Bank of Spain Governor bids farewell, warning that little more than 20% of Spaniards trust Government

The Bank of SpainPablo Hernández de Cos, Bank of Spain's governor

The Governor of the Bank of Spain, Hernández de Cos, whose term of office ends next June, said farewell to Parliament yesterday, noting that just over 20% of citizens have confidence in the government, which means sharing with France the worst figure among the major European economies. In the case of political parties, the figure does not even reach 10%, and here Spain’s negative lead is indisputable. And Parliament itself is below 20%, which is also the lowest figure among the neighbouring countries.
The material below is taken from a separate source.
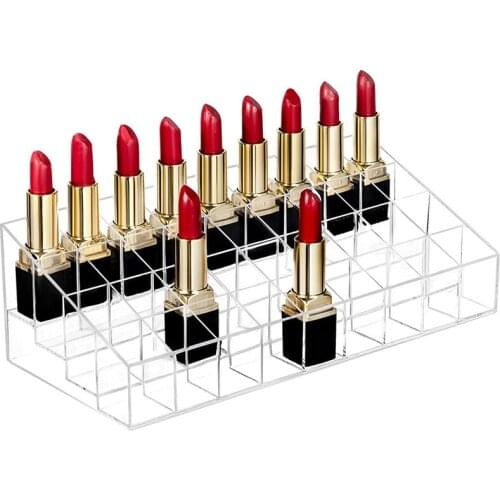 HGHO 36 Grid Transparent Acrylic Lipstick Storage Rack Cosmetic Display Rack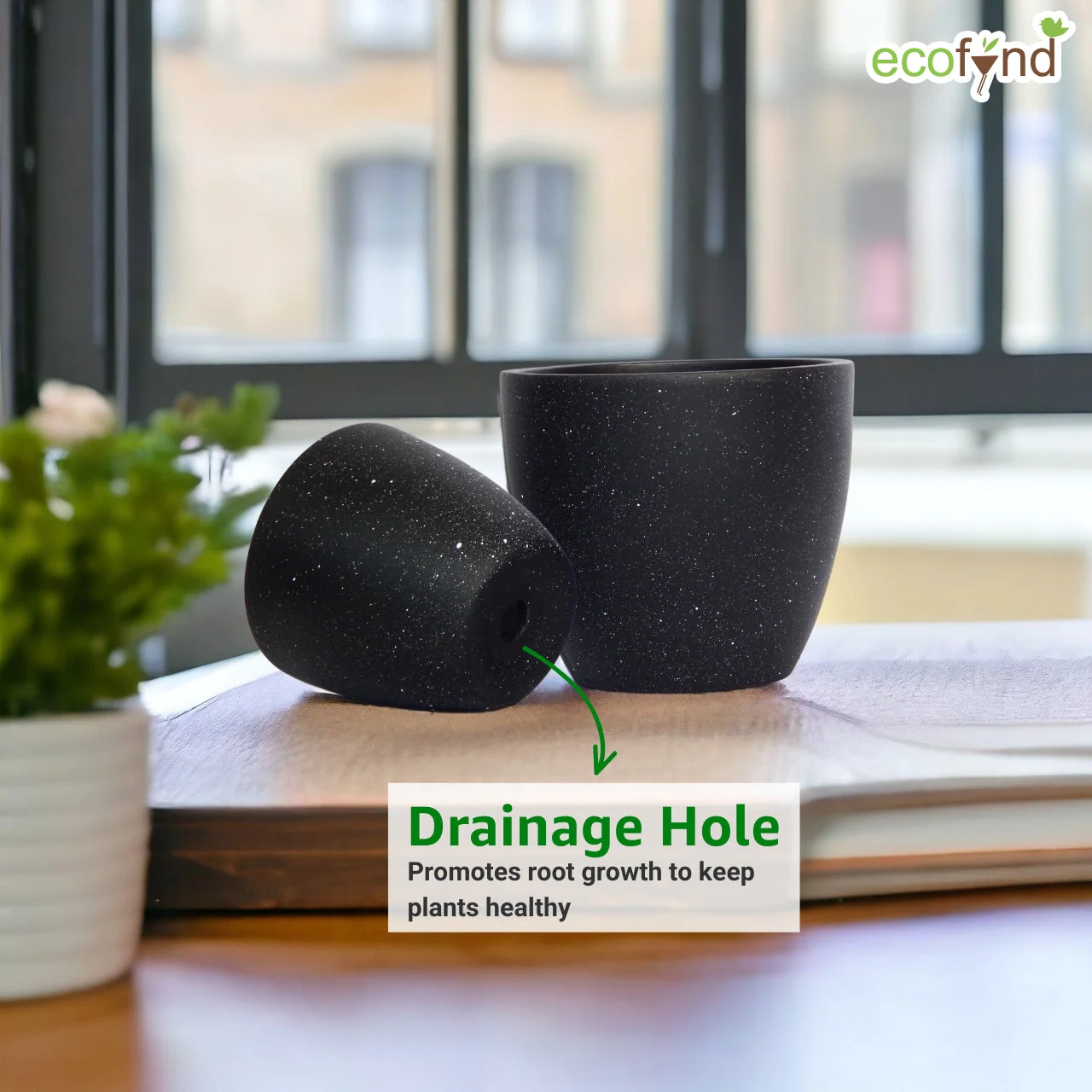 Set of 3 Black Terracotta Planter Pots – Breathable Clay Pots for Healthy Plants - Image 2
“The differences between Spain and all the other countries are statistically significant,” explains the Bank of Spain, which also explains that “the degree of confidence that institutions generate in economic agents is a fundamental determinant of long-term growth”. This process, explained the governor, “began in the financial crisis”, and the deterioration in Spain has been “more marked than that observed in other neighbouring countries”.

Hernández de Cos also warned of the “dangers” that uncontrolled increases in the minimum wage and the homogeneous reduction in working hours could pose for the labour market. He insisted that the latest Social Security reform generates a bigger “hole” in the pension system and called for a “comprehensive review” of the tax system to improve the effectiveness and efficiency of tax collection and public spending.